The following keyword selects the gravitational constants for the propagation algorithm:
j2c::J2PropagatorConstants: J2 orbit propagator constants (seeJ2PropagatorConstants). (Default =j2c_egm2008)
This package contains some pre-built propagation constants for this propagator:
| J2 Propagator Constant | Description | Type |
|---|---|---|
j2c_egm2008 | EGM-2008 gravitational constants | Float64 |
j2c_egm2008_f32 | EGM-2008 gravitational constants | Float32 |
j2c_egm1996 | EGM-1996 gravitational constants | Float64 |
j2c_egm1996_f32 | EGM-1996 gravitational constants | Float32 |
j2c_jgm02 | JGM-02 gravitational constants | Float64 |
j2c_jgm02_f32 | JGM-02 gravitational constants | Float32 |
j2c_jgm03 | JGM-03 gravitational constants | Float64 |
j2c_jgm03_f32 | JGM-03 gravitational constants | Float32 |
The type used in the propagation will be the same as used to define the constants in the structure j2c.
julia> orb = KeplerianElements( date_to_jd(2023, 1, 1, 0, 0, 0), 7190.982e3, 0.001111, 98.405 |> deg2rad, 100 |> deg2rad, 90 |> deg2rad, 19 |> deg2rad )KeplerianElements{Float64, Float64}: Epoch : 2.45995e6 (2023-01-01T00:00:00) Semi-major axis : 7190.98 km Eccentricity : 0.001111 Inclination : 98.405 ° RAAN : 100.0 ° Arg. of Perigee : 90.0 ° True Anomaly : 19.0 °julia> orbp = Propagators.init(Val(:J2), orb; j2c = j2c_jgm03)OrbitPropagatorJ2{Float64, Float64}: Propagator name : J2 Orbit Propagator Propagator epoch : 2023-01-01T00:00:00 Last propagation : 2023-01-01T00:00:00
Fitting Mean Elements
We can use the function:
Propagators.fit_mean_elements(::Val{:J2}, vjd::AbstractVector{Tjd}, vr_i::AbstractVector{Tv}, vv_i::AbstractVector{Tv}; kwargs...) -> KeplerianElements{Float64, Float64}, SMatrix{6, 6, Float64}to fit a set of mean Keplerian elements for the J2 orbit propagator using the osculating elements represented by a set of position vectors vr_i [m] and a set of velocity vectors vv_i [m / s] represented in an inertial reference frame at instants in the array vjd [Julian Day].

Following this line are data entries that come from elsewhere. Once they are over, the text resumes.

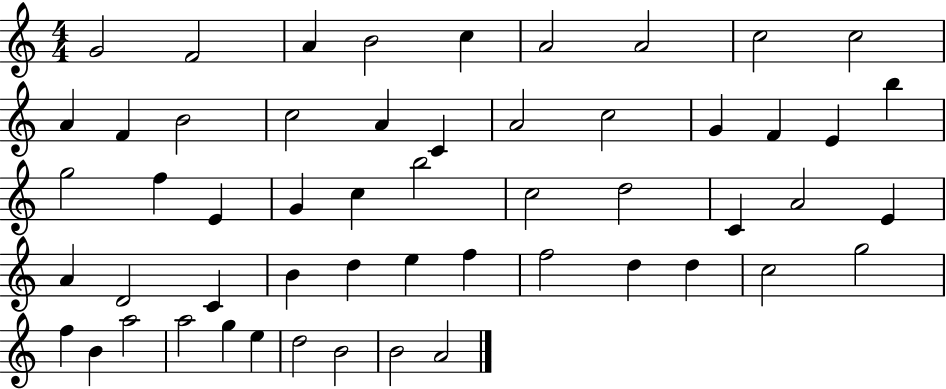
X:1
T:Untitled
M:4/4
L:1/4
K:C
G2 F2 A B2 c A2 A2 c2 c2 A F B2 c2 A C A2 c2 G F E b g2 f E G c b2 c2 d2 C A2 E A D2 C B d e f f2 d d c2 g2 f B a2 a2 g e d2 B2 B2 A2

It returns the fitted Keplerian elements and the final covariance matrix of the least-square algorithm.
This algorithm version will allocate a new J2 propagator with the default constants j2c_egm2008. If another set of constants are required, use the function Propagators.fit_mean_elements! instead.
The following keywords are available to configure the fitting process:
atol::Number: Tolerance for the residue absolute value. If the residue is lower thanatolat any iteration, the computation loop stops. (Default = 2e-4)rtol::Number: Tolerance for the relative difference between the residues. If the relative difference between the residues in two consecutive iterations is lower thanrtol, the computation loop stops. (Default = 2e-4)initial_guess::Union{Nothing, KeplerianElements}: Initial guess for the mean elements fitting process. If it isnothing, the algorithm will obtain an initial estimate from the osculating elements invr_iandvv_i. (Default = nothing)jacobian_perturbation::Number: Initial state perturbation to compute the finite-difference when calculating the Jacobian matrix. (Default = 1e-3)jacobian_perturbation_tol::Number: Tolerance to accept the perturbation when calculating the Jacobian matrix. If the computed perturbation is lower thanjacobian_perturbation_tol, we increase it until it absolute value is higher thanjacobian_perturbation_tol. (Default = 1e-7)max_iterations::Int: Maximum number of iterations allowed for the least-square fitting. (Default = 50)mean_elements_epoch::Number: Epoch for the fitted mean elements. (Default = vjd[end])verbose::Bool: Iftrue, the algorithm prints debugging information tostdout. (Default = true)weight_vector::AbstractVector: Vector with the measurements weights for the least-square algorithm. We assemble the weight matrixWas a diagonal matrix with the elements inweight_vectorat its diagonal. (Default =@SVector(ones(Bool, 6)))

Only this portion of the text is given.